Update on Sterile Insect Program for Control of Navel Orangeworm - West Coast Nut

Update on Sterile Insect Program for Control of Navel Orangeworm

By Houston Wilson, Asst. Coop. Extension Specialist, Kearney Ag. Center, Dept. Entomology, UC Riverside
and Chuck Burks, Research Entomologist, USDA-ARS, San Joaquin Valley Agricultural Sciences Center

Published: March 5, 2019 • 77 views


Sterile insect technique (SIT) makes use of large numbers of sterile insects which are released into wild populations as part of an area-wide integrated pest management (IPM) control strategy. Insects are typically mass-reared in a controlled environment and then ionizing radiation (e.g. x-rays, gamma rays) is used to induce genetic mutations that lead to sterility. The basic idea is that introduction of sterilized individuals into the wild population will limit the successful reproduction of wild individuals and lead to an overall reduction or even eradication of the target pest population (Knipling 1955). Mating with sterile individuals can reduce populations by either directly blocking reproduction or through inherited sterility in which offspring are actually produced but are themselves sterile (North 1975). Releases can include both males and females, although some programs utilize just one sex, and this is typically due to specific biological or ecological requirements.

 

The concept of using sterilized insects to control wild pest populations was first conceived in the 1930s and 1940s. Implementation took place in the 1950s, when the first area-wide SIT program was successfully carried out to control the New World screwworm (Cochliomyia hominivorax), a pest of livestock in the southeastern United States and Caribbean. Since then, SIT has been used to control a number of endemic and invasive agricultural pests. This includes a lot of programs for various Tephritid flies such as the Mexican fruit fly (Anastrepha ludens) in southern California, melon fly (Bactrocera cucurbitae) in Japan, and Mediterranean fruit fly (Ceratitis capitata) in various locations across the globe. As for lepidopterans specifically, successful programs have been developed for the pink bollworm (Pectinophora gossypiella) and codling moth (Cydia pomonella) in the southwest United States and British Columbia, respectively (Klassen and Curtis 2005).

 

SIT programs can either be for pest suppression or total eradication, depending on context and needs. Furthermore, in most cases release of sterile moths is typically complimented by a range of additional IPM (integrated pest management) strategies. For instance, the pink bollworm program was an eradication effort that included mating disruption, coordinated plow down and Bt cotton in addition to release of sterile moths. Alternatively, the codling moth program in British Columbia is a suppression effort that also includes mating disruption and sanitation.
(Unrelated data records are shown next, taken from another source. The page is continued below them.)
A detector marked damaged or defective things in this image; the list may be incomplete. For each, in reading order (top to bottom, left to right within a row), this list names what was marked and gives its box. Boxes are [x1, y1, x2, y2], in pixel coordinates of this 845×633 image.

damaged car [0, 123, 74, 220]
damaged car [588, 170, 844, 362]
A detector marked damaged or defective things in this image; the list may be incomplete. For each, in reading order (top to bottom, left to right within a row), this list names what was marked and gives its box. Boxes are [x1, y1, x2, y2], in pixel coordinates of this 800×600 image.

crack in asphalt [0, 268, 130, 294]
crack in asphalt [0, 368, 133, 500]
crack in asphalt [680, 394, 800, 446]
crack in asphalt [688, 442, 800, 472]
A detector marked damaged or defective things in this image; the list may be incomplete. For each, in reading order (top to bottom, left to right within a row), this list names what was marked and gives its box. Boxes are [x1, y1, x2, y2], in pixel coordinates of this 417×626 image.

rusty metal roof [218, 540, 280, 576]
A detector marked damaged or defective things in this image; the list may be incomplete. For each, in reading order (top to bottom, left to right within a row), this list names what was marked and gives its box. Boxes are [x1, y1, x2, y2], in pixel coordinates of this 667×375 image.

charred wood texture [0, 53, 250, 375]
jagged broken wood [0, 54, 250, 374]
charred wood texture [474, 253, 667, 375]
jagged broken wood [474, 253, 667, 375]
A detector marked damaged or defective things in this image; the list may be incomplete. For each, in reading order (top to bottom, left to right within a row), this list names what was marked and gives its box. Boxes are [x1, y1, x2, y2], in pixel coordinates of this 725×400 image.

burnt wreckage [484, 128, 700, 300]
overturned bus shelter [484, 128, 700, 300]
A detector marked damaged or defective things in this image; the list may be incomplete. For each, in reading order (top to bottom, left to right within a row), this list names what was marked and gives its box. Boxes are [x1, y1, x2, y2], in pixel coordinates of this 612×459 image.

The basis for any successful SIT program hinges on the ability to rear, irradiate/sterilize and release large quantities of the target pest without impacting their viability and performance in the field relative to the wild population (Simmons et al. 2010). Other important factors include the development of accurate monitoring tools (i.e. both traps and some form of marking the sterile moths) and determination of the appropriate overflooding ratio (i.e. the per acre ratio of sterile to wild moths needed to successfully reduce pest populations and crop damage).

 

Opportunity to Use SIT for NOW Control

In 1968, the United States Department of Agriculture (USDA) Animal and Plant Health Inspection Service Plant Protection and Quarantine program (APHIS-PPQ) developed a mass-rearing and irradiation facility near Phoenix, Arizona. The Phoenix Pink Bollworm Rearing Facility (PPBR Facility) supported the pink bollworm eradication effort across the southwest U.S., northern Mexico and California’s San Joaquin Valley (Henneberry and Naranjo 1998, Walters et al. 2000). As mentioned, this was an area-wide program that involved multiple IPM strategies including release of sterile pink bollworm. After more than 40 years of effort, the pink bollworm has been eradicated and the PPBR Facility is now available to be used for mass rearing and irradiation of another lepidopteran species, such as the navel orangeworm (Amyelois transitella). As such, the California Pistachio Industry recently partnered with USDA-APHIS to explore the use of SIT for control of navel orangeworm (NOW) and, since 2016, efforts have been underway to adapt the PPBR Facility for production and irradiation of NOW. The first trial shipments of irradiated NOW to California were made in 2017 and production is now sufficient to support field-based evaluations of irradiated/sterilized NOW.

 

 

Field Trials in California

The PPBR Facility can currently produce and irradiate approximately 750,000 adult moths/day (50:50 male:female). These moths are shipped in specialized “cartridges” that can be loaded into a modified California Department of Food and Agriculture (CDFA) airplane for aerial release 500 feet above an orchard. The NOW larvae are raised on a diet that contains a fat-soluble dye that carries over to the adult stage. The sterile adult moths are therefore dyed internally and NOW captured in the field can be dissected to determine whether they are wild, or sterile released moths.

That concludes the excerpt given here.